Work order: Which lines run from the one containing "3-36M Baby Peuter" through the end of the data? Write them out exactly, with the pictures left out.

+===+

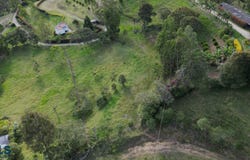 El Retiro, Antioquía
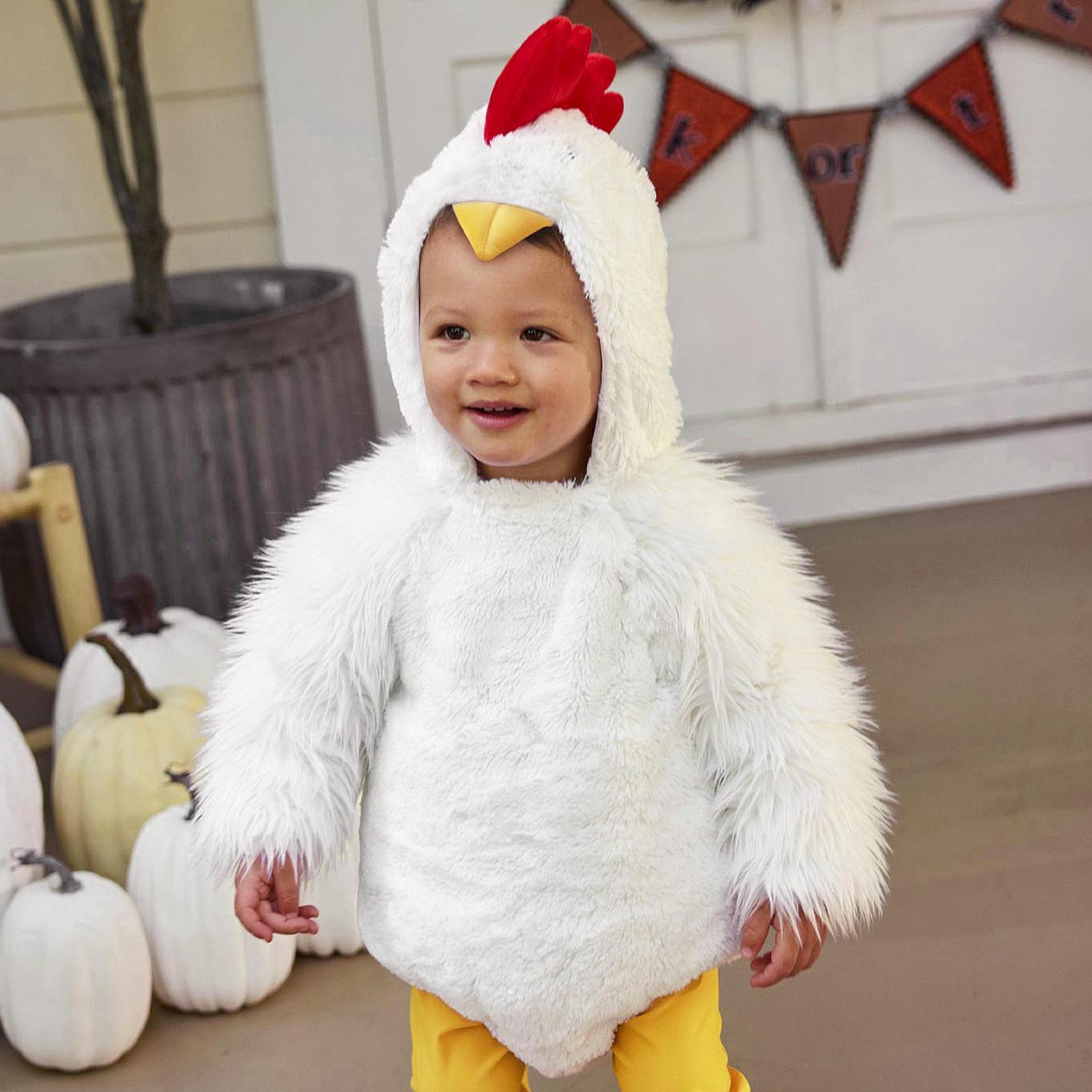 3-36M Baby Peuter Kleine Witte - Baby Clothing Unisex recensie en prijs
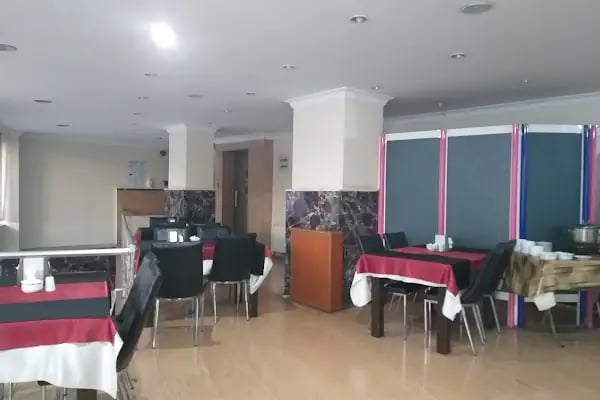 Birkent Otel - Resim 6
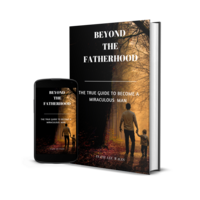 BEYOND THE FATHERHOOD by ANATH LEE WALES - Thumbnail 3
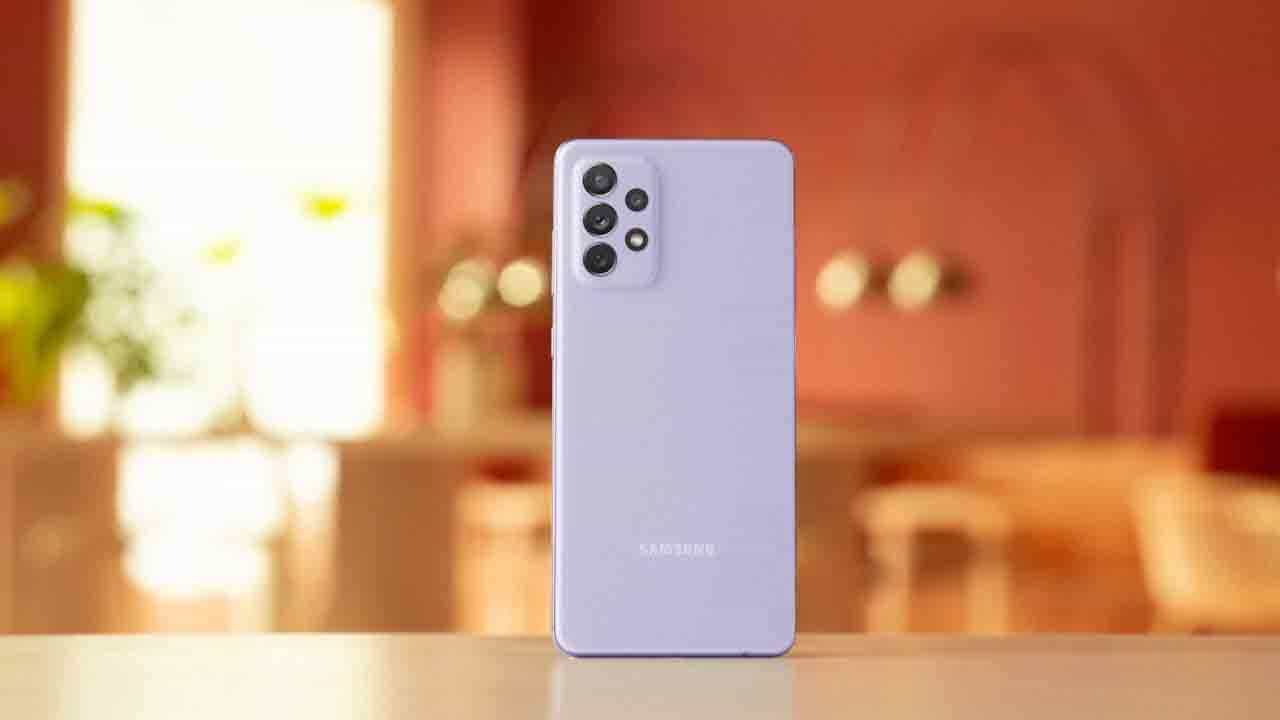 Samsung Galaxy A73: প্রকাশ্যে এই ফোনের সম্ভাব্য ডিজাইন ও স্পেসিফিকেশন, থাকতে পারে ১০৮ মেগাপিক্সেলের ক্যামেরা Samsung Galaxy A73: প্রকাশ্যে এই ফোনের সম্ভাব্য ডিজাইন ও স্পেসিফিকেশন, থাকতে পারে ১০৮ মেগাপিক্সেলের ক্যামেরা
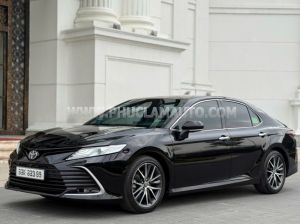 Xe Toyota Camry 2.5Q 2023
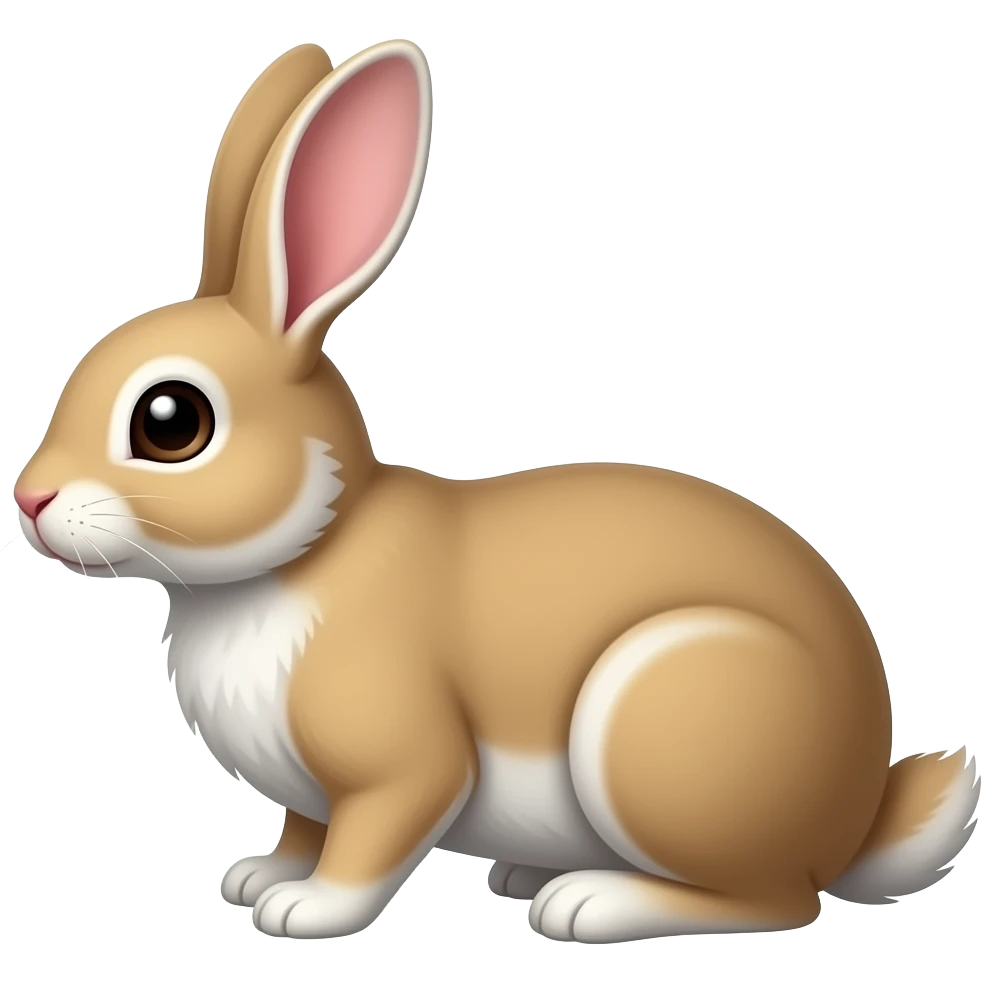 RABBIT emoji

+===+

Solution for this problem:
 3-36M Baby Peuter Kleine Witte - Baby Clothing Unisex recensie en prijs
 Birkent Otel - Resim 6
 BEYOND THE FATHERHOOD by ANATH LEE WALES - Thumbnail 3
 Samsung Galaxy A73: প্রকাশ্যে এই ফোনের সম্ভাব্য ডিজাইন ও স্পেসিফিকেশন, থাকতে পারে ১০৮ মেগাপিক্সেলের ক্যামেরা Samsung Galaxy A73: প্রকাশ্যে এই ফোনের সম্ভাব্য ডিজাইন ও স্পেসিফিকেশন, থাকতে পারে ১০৮ মেগাপিক্সেলের ক্যামেরা
 Xe Toyota Camry 2.5Q 2023
 RABBIT emoji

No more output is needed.